Yes, motherhood has been a redemption! My story is different, but I WAS the kind of girl who learned things the hard way. I was a broken young woman too, and my first marriage was to an addict. I know it’s not the same, but I’m not sure you can actually get much closer to being an addict than loving and having children with one. What you talked about is what made it so hard to leave him- I understood his brokenness. That’s not something most people can understand.
As soon as I became a mother I began to feel whole and it’s been a beautiful and heartbreaking journey ever since. I realized when reading your article that this is the foundation upon which I stand- adamantly against most of what our culture has to teach and instead choosing my own path- to homeschool, homebirth, think for ourselves etc. I reject all that undermines the family and our unique power as women and choose to be free- for myself and for my children, so that they can grow up whole.
Your article brought tears to my eyes because I felt so much of it- thank you for your vulnerability.
Oh thank you for sharing this part of yourself with me. I hope you have found peace for that situation and time in your life. While I was an addict myself, I also know the experience of being in love with one too. I know how desperate and lonely and heartbreaking it truly is.
I also love what you said about rejecting all that undermines the family-this is the key. Strong families with level-headed and steadfast mothers (and fathers!) are what can turn all that is lost around.
Once again you deliver a well written and honest piece that offers a path forward that includes a reimagining of the past.

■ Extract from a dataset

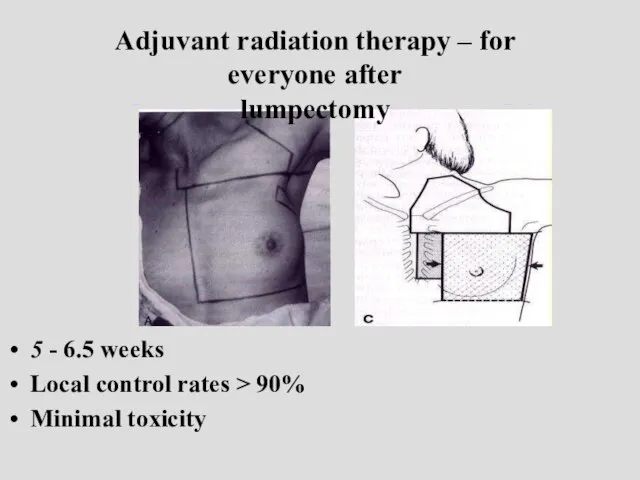 Adjuvant radiation therapy: 5 - 6.5 weeks Local control rates >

I think many women who are now in their 30s and 40s can fully empathize with the sentiment that somehow our culture sold us a false bag of goods in the name of feminism and woman's empowerment. If you haven't read Bridget Phetasy's essay "I Regret Being a Slut" I think you will find her sentiment echoes what you speak of here.
There are many reasons to dissociate with our current cultural paradigm and it makes sense to get caught up in substances and sex. Especially in the transformative years of teens and early twenties. It makes sense but it still isn't right, there has been so many casualties in the name of modernity.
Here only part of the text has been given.